After watching the PBS 12-part series on the Roosevelts, I came to the conclusion that America would be a very different country if FDR was not forced to avoid pushing certain policies because of political realities. The chief political reality was that we really had three political parties back then--the Republican Party, the northern Democratic Party, and the southern Democratic Party (sometimes called "Dixiecrats"). The southern Democratic party was by then more closely aligned with the Republican Party in philosophy, but they still voted for Democratic candidates because of the association of Republicans with the Civil War and the freeing of the slaves. Roosevelt needed to have the southern Democrats on his side in order to win national elections, so he could not openly push policies that would antagonize them.

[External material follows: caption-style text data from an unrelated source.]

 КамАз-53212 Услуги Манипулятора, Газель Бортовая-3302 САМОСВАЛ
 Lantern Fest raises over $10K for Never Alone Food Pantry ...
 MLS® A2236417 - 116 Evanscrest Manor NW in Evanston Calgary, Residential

The northern Democrats and especially FDR's wife Eleanor wanted a whole slew of measures that FDR favored but knew he could not support for that reason. He promoted what he thought he could get away with and still stay in office, figuring (probably correctly) that if he went too far, he would lose the next election and get nothing at all. Perhaps the best example is federal anti-lynching legislation, which Eleanor fervidly wanted, but which FDR knew he could not support without losing the south. (One southern senator actually said on the senate floor that lynching was necessary to keep the black population in line.) One night Eleanor called to urge him to support another such matter, but she was told he was too sick to take the call. She insisted, and she harangued him for an hour to support a position he simply could not take. When the call ended, his blood pressure was through the roof, and he died the next morning.

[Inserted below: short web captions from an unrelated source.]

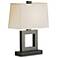 Duncan 20 3/4"H Bronze Accent Table Lamp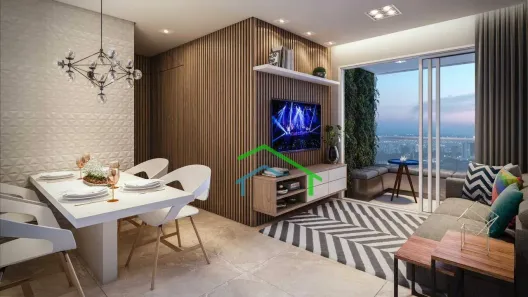 Apartamento com 2 Quartos à venda, 57m² no Vila Yara, Osasco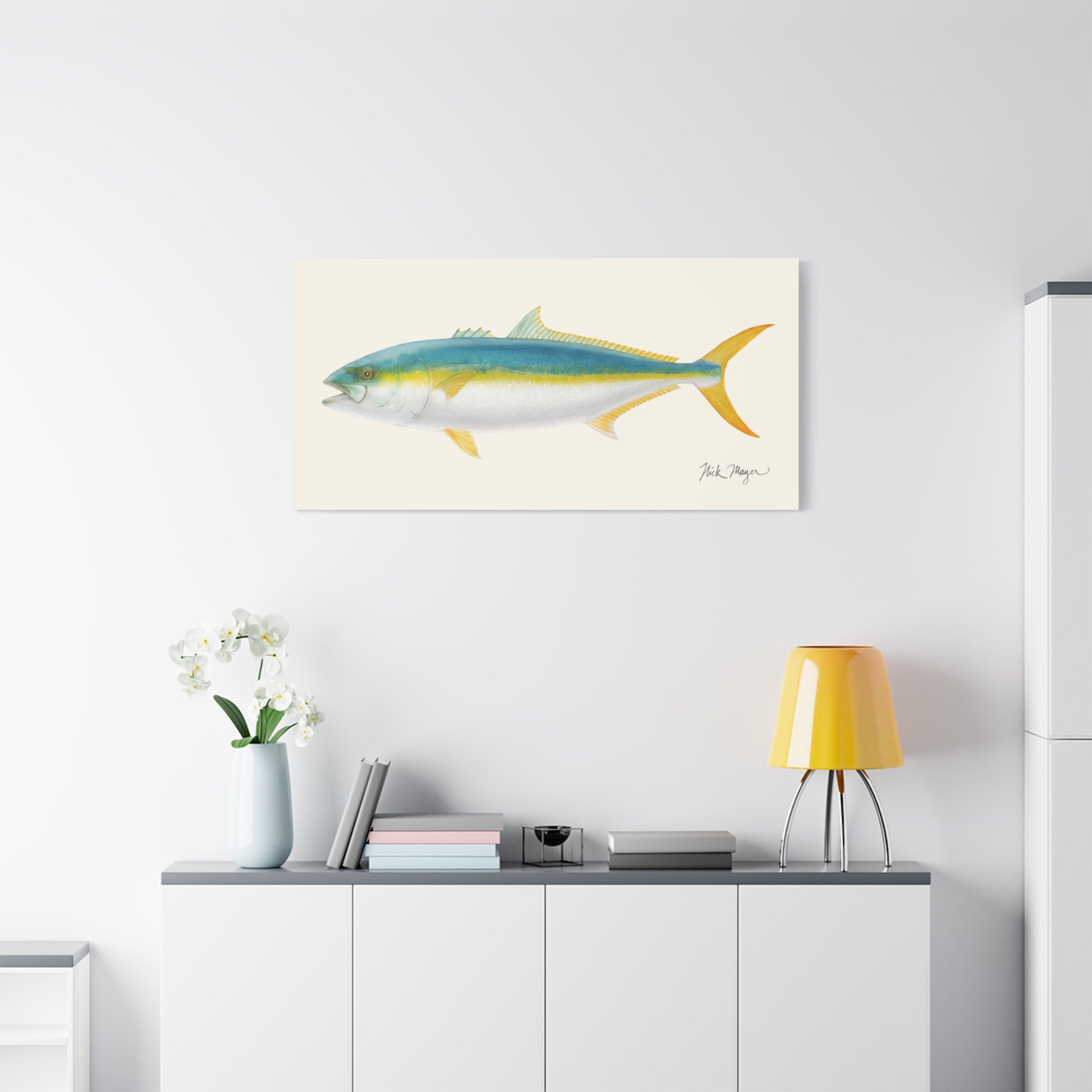 Yellowtail II Canvas Print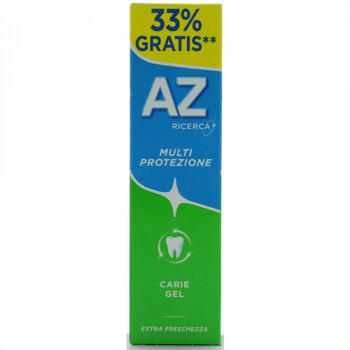 DENTIFRICIO AZ MULTI PROTEZIONE CARIE GEL 100 ML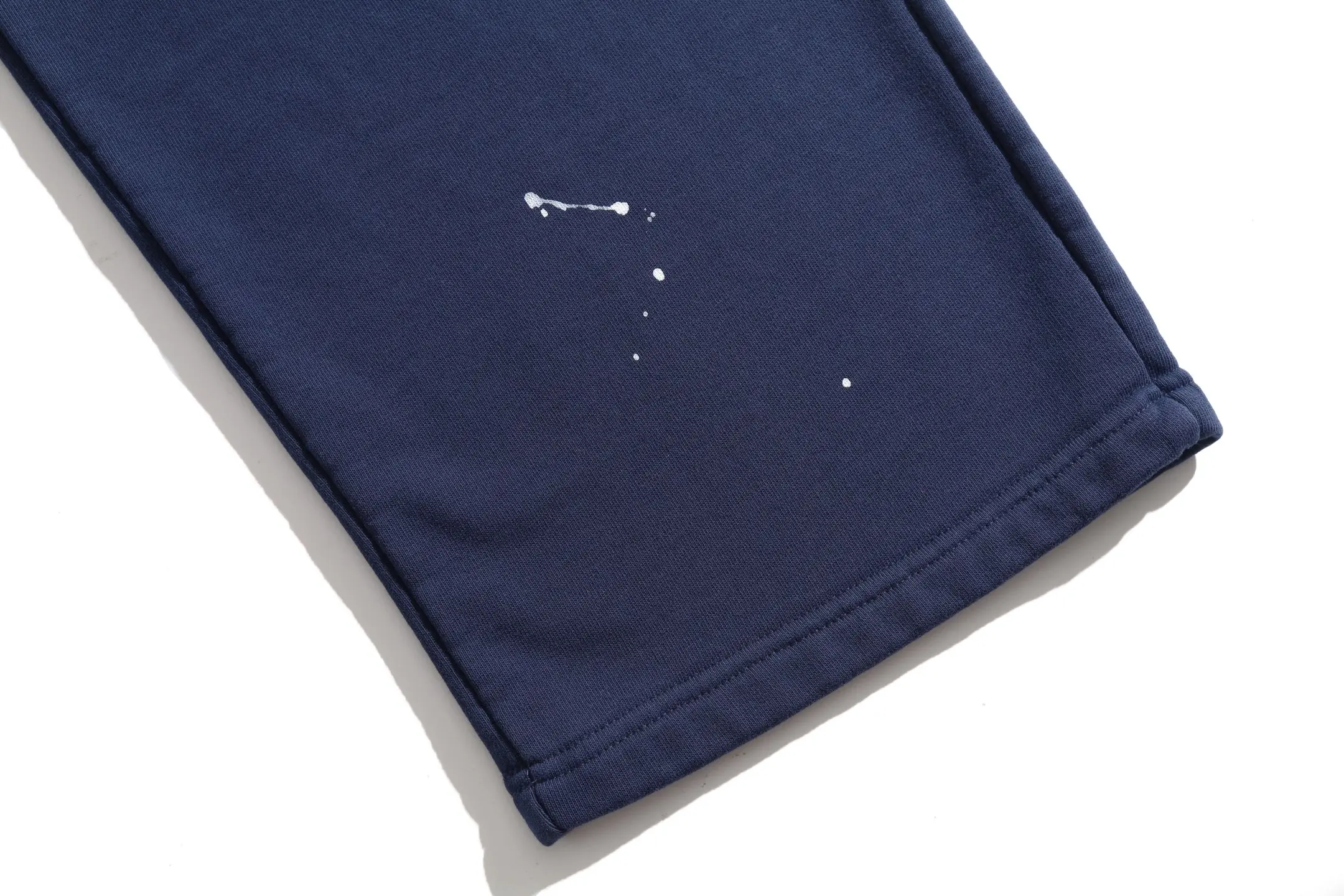 Paint-Splatter Embroidered Cotton Sweats D27918769 — view 6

With FDR gone, the desire to satisfy southern Democrats ended, and the Democratic Party adopted a civil rights platform in the 1948 convention, leading the Dixiecrats to walk out. Within two decades, the southern Democrats became Republicans, and those two parties merged their ideologies.
 
One of the major problems is cost. Reduce the number of insured,Or at least the level of coverage,private/public. Give transparency in billing with tort reforms (in some states). This would put providers in a position to provide care in line with the individuals ability to pay, just like any other service.
 
One of the major problems is cost. Reduce the number of insured,Or at least the level of coverage,private/public. Give transparency in billing with tort reforms (in some states). This would put providers in a position to provide care firefighting, policing, water services and sewage services in line with the individuals ability to pay, just like any other service.
FTFY.
 
The difference is those are community services, YOUR healthcare is your responsibility, not a community service.

The thing is overall community health does have an impact on the cost. What impact do you think fat unhealthy people have on the overall premium of insurance?